Given that the Next Gen TV platform provides broadcasters with so many new capabilities, we can anticipate that some of the more advanced broadcast services will be more complex than what is being deployed during the initial launch phase. For example, future services could include digital rights management (DRM), broadcaster applications (BA), tie-in to a cloud or server and many other possibilities. As broadcast services increase in complexity so does the need for more comprehensive testing. In this post we will explore two test approaches that are widely used across many hardware and software industries: White-Box and Black-Box testing.

White- and Black-Box Testing

White-Box testing, sometimes referred to as “Clear-Box” testing, is a testing approach by which access to the inner workings of the system or device under test (DUT) is available. In the case of software, it means the test has access to the source code. With such access to the internal functionalities and source code, one can test for security holes, code structures, input flows, conditional loops, etc. An example of White-Box testing is a conformance test suite. Conformance test suites are developed against specific requirements and are usually tested at a device level. A key requirement to White-Box testing is that one must have extensive knowledge of the inner workings of the device under test (DUT) or software.

Clear Box Test DUT

The complement to White-Box testing is, of course, Black-Box testing.

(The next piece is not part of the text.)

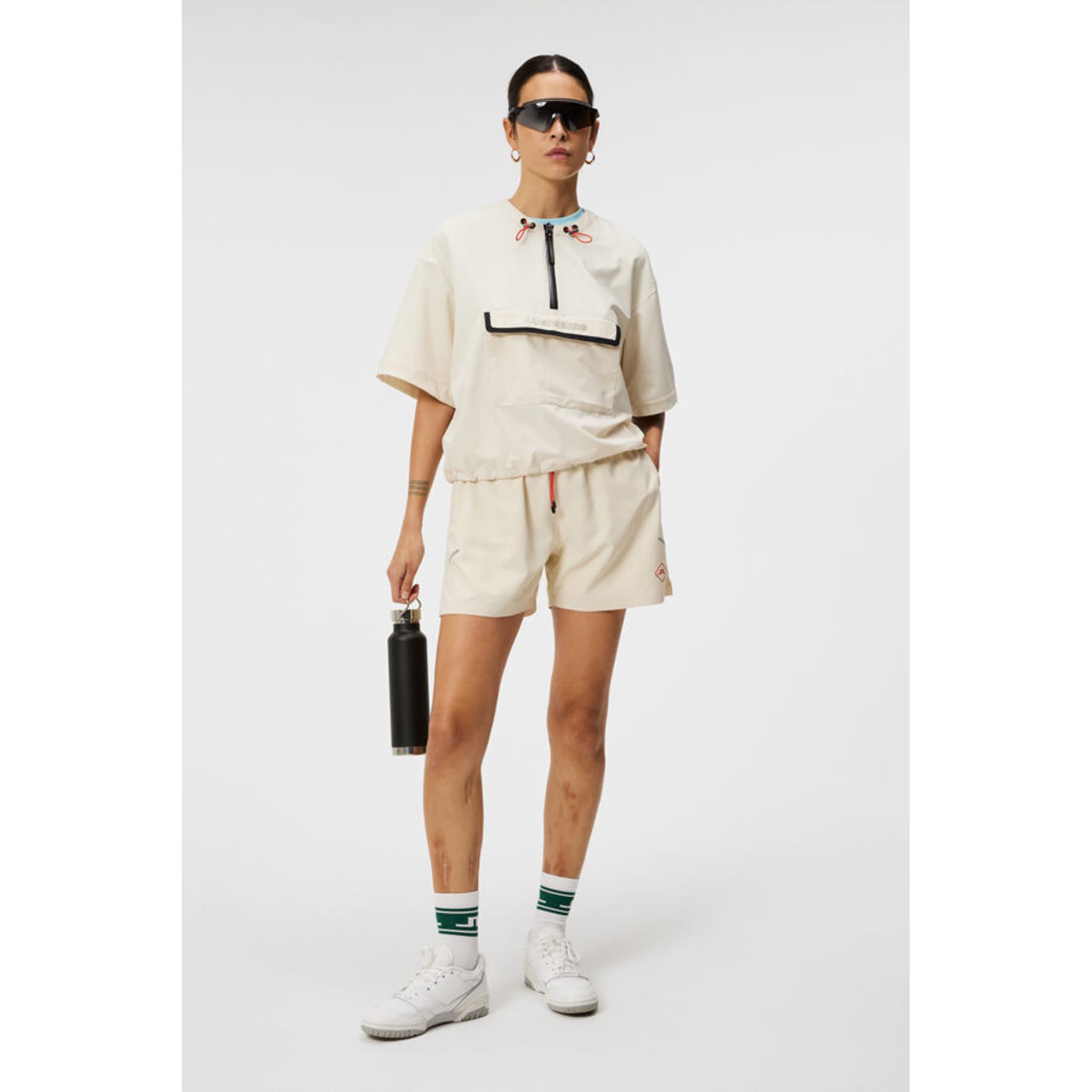 J. Lindeberg Chrisann Short Sleeve Pullover Damen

This is sometimes referred to as “System” testing. With Black-Box testing, there is no visibility to the inner workings of the system or software and thus it is treated as a black box. The focus of this test approach is on input and output behavior. Consider the following scenarios:

  1. The TV turns on when the power button is pressed.
  2. The volume gets louder when the volume-up button is pressed.
  3. The channel changes when channel-up button is pressed.
  4. Captions are displayed when captions are enabled.

In these test scenarios, the tester has no knowledge on how each scenario is processed internally. In fact, different devices may all perform the functions using completely different methods, but the resulting behavior should be the same.

Black Box Test DUT

Black-Box and White-Box test approaches were designed to complement each other. For both test methodologies to be effective, there are some housekeeping steps that must be followed:

  1. The tester must develop test scenarios that will accurately test the system against established requirements.
  2. The tester must create test cases for each requirement (sometimes called test “assertions”).
  3. The tester must develop relevant test data for each test case.
  4. The tester must create and document the expected result for all the tests.
  5. Not required, but strongly recommended: The tester should develop the test steps with full documentation to minimize mistakes and enable parallel testing with reproducible results.

With the Next Generation TV platform, the sky’s the limit for broadcasters to innovate and engage their viewers with services that take full advantage of over-the-air broadcasting plus broadband delivery. To ensure these services are well tested prior to deployment, broadcasters will need to tap into proven testing methodologies like White-Box and Black-Box testing.